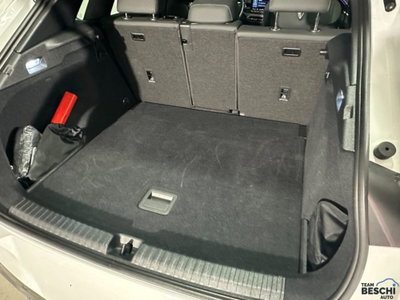 Cupra Terramar 1.5 e-hybrid 204cv dsg (14)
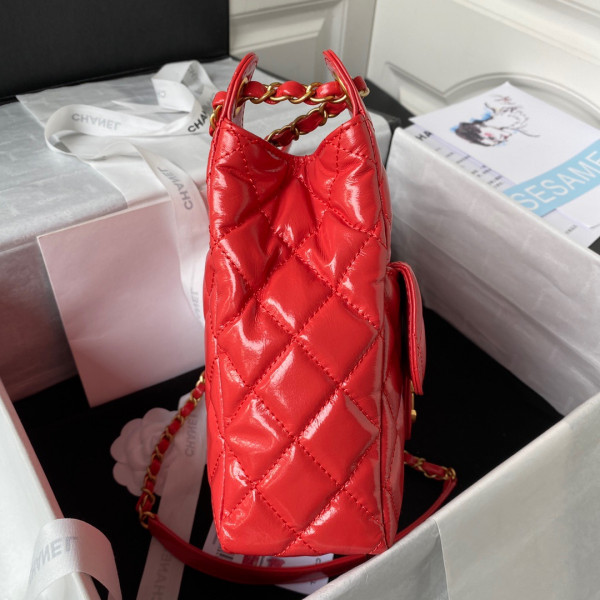 CL HOBO HANDBAG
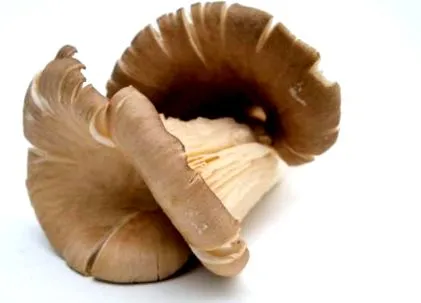 állagú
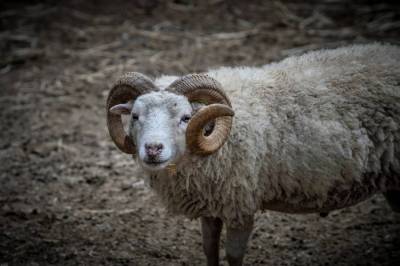 Νεκρός 63χρονος βοσκός στα Τρίκαλα από χτύπημα κριαριού (βίντεο)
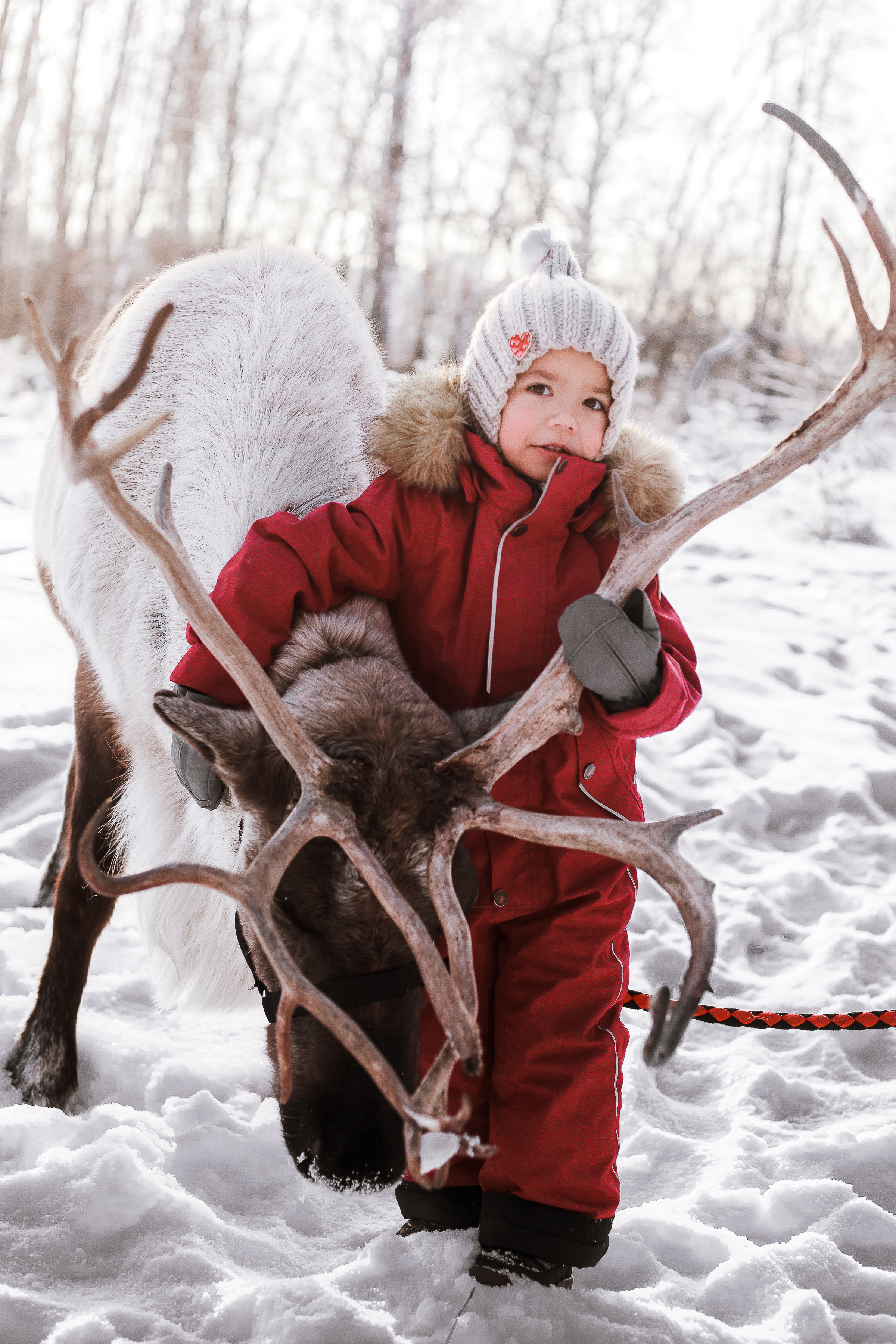 Фотосессии с Оленем. Фотограф в Томске Юлия Постнова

━━━━━━━━━━━━━━━━━━━━

**Required work:** Restate the data above verbatim, skipping every image.

**Solution for this task:**
 Cupra Terramar 1.5 e-hybrid 204cv dsg (14)
 CL HOBO HANDBAG
 állagú
 Νεκρός 63χρονος βοσκός στα Τρίκαλα από χτύπημα κριαριού (βίντεο)
 Фотосессии с Оленем. Фотограф в Томске Юлия Постнова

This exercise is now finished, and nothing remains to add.